Following publication of the original article [1], the authors reported the errors in the equation and in the text.

The corrected text and equation are given below:

First, we evaluate the quality and reliability of the results obtained when using the three methods investigated in this section.
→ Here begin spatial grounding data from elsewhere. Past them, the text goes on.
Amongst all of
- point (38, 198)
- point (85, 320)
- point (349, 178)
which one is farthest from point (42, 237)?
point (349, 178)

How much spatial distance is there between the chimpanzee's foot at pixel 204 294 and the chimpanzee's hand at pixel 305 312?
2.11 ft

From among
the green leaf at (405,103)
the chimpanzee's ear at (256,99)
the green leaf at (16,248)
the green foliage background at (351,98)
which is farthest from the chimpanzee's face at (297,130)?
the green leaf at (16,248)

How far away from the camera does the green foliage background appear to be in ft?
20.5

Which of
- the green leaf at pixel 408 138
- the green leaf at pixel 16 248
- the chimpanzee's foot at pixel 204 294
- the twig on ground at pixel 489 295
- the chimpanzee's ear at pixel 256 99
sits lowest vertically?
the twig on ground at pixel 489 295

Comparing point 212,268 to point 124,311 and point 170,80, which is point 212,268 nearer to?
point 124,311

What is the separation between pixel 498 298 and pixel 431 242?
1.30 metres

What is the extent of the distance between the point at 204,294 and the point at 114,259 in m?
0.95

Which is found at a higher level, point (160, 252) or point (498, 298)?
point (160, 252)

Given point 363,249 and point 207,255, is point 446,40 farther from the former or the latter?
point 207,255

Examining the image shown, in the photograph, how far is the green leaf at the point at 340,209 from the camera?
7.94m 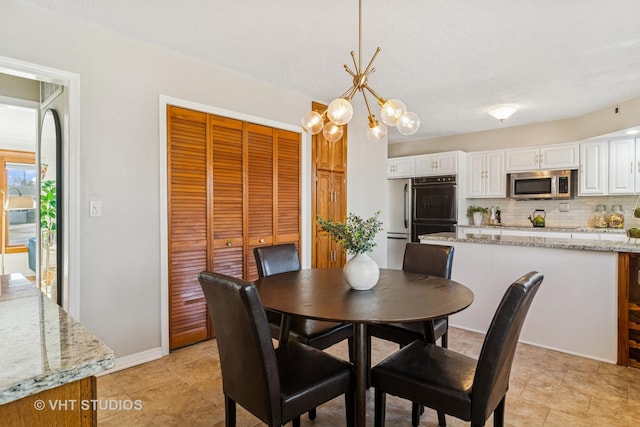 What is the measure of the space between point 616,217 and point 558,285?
2.56m

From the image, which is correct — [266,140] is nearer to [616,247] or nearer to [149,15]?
[149,15]

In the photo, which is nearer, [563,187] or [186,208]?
[186,208]

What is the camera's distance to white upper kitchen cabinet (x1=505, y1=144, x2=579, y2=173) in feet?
15.2

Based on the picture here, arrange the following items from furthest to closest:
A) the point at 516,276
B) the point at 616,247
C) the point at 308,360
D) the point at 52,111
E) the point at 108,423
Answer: the point at 516,276
the point at 52,111
the point at 616,247
the point at 108,423
the point at 308,360

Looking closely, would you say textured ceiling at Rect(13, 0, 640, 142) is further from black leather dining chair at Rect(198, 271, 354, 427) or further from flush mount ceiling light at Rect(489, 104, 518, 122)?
black leather dining chair at Rect(198, 271, 354, 427)

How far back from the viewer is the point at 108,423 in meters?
1.91

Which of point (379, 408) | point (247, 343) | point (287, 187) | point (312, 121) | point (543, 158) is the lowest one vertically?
point (379, 408)

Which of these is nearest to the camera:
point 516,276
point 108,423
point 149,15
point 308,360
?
point 308,360

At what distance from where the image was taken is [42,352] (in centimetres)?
74

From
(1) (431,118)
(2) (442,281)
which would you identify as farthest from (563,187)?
(2) (442,281)

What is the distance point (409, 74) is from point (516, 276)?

In Fig. 22, the errors in the energy norm

$$\begin{aligned} ||e||_{{\mathrm {E}}(\Omega _{\mathrm {e}})} = \sqrt{\left| \dfrac{{\mathcal {B}}(\textit{\textbf{u}}_{\mathrm {ref}}, \textit{\textbf{u}}_{\mathrm {ref}})-{\mathcal {B}}(\textit{\textbf{u}}, \textit{\textbf{u}})}{{\mathcal {B}}(\textit{\textbf{u}}_{\mathrm {ref}}, \textit{\textbf{u}}_{\mathrm {ref}})} \right| } \cdot 100 [\%], \end{aligned}$$
(20)

for various input parameters are presented, which should be minimized by the FCM solution on the energy space\(E(\Omega _{\mathrm {e}})\) over the domain \(\Omega _{\mathrm {e}}\) [3, 33]. In Eq. (20), \(\textit{\textbf{u}}\) is the displacement field obtained by the FCM solution and \(\textit{\textbf{u}}_{\mathrm {ref}}\) is the reference solution, obtained by p-FEM using blending functions [113] for an exact geometry mapping, resulting in a strain energy of \(1/2 \cdot {\mathcal {B}}(\textit{\textbf{u}}_{\mathrm {ref}},\textit{\textbf{u}}_{\mathrm {ref}}) = 0.7021812127\) [31]. Besides investigating the global quality of the results based on \(||e||_{{\mathrm {E}}(\Omega _{\mathrm {e}})}\), we also evaluate the solution based on point-wise values of the stress-fields \(\sigma _{\mathrm {vM}}\) and \(\sigma _{\mathrm {yy}}\) along the diagonal \(\overline{AB}\) in Fig. 21, where \(\sigma _{\mathrm {vM}}\) is the von Mises stress and \(\sigma _{\mathrm {yy}}\) the stress in the y-direction.

The original article [1] has been updated.